We examine investor responses to board diversity and highlight a previously unexplored mechanism to explain negative market reactions to senior female appointments. Drawing on signaling theory, we propose that an increase in board diversity leads investors to update their beliefs about firm preferences. Specifically, we argue that a gender-diverse board is interpreted as revealing a preference for diversity, and a weaker commitment to shareholder value. Consequently, firms with more female directors will be penalized. We test our argument using 14 years of panel data on U.S. public firms. We find that firms that increase board diversity suffer a decrease in market value, and that this effect is amplified for firms that have received higher ratings for their diversity practices across the organization. These results suggest that observers respond to the presence of female leaders not simply on their own merit, but as broader cues of firm preferences, and that firms may counteract any potential signaling effect through careful framing.I am not surprised by the finding but am agnostic by the causal mechanism. Market viewing that the board is pursuing non-value creating objectives is certainly plausible.
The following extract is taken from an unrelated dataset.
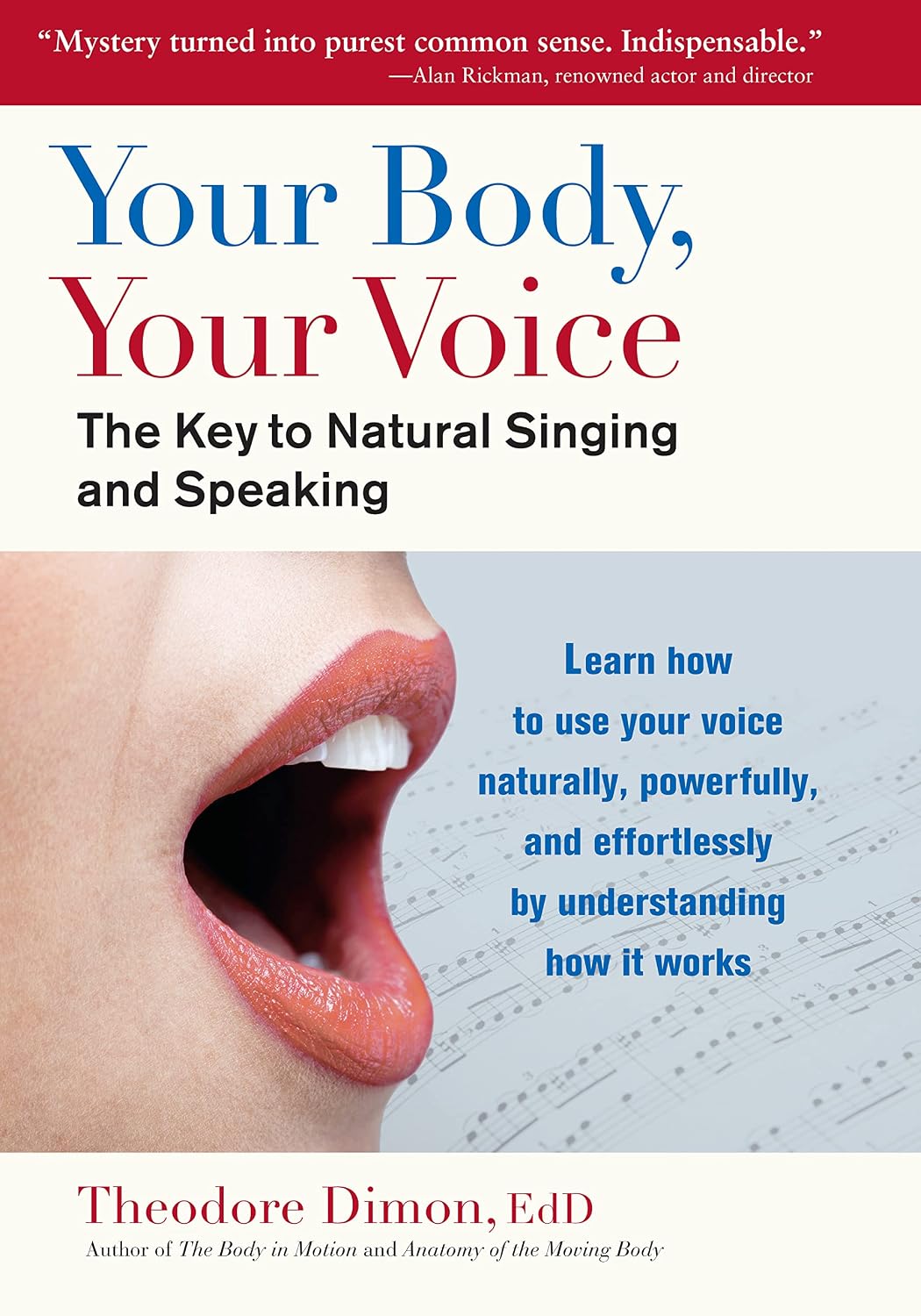 ler totalmente Your Body, Your Voice: The Key to Natural Singing and Speaking (English Edition)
But I wonder whether only companies who have been riding a high profit/growth S-curve can afford such indulgences and that the appointment of more explicitly diverse boards might merely coincide with the entry of the firm into the commodity and brutal competition section of the top of the S-curve. I.e. it might not be market perception, it might not be poorer female governance, it might instead be a luxury belief that is coincident with company s-curve progression.
And of course, all of the potential plausible hypotheses might be simultaneously true and it is just a matter of relative degree of impact.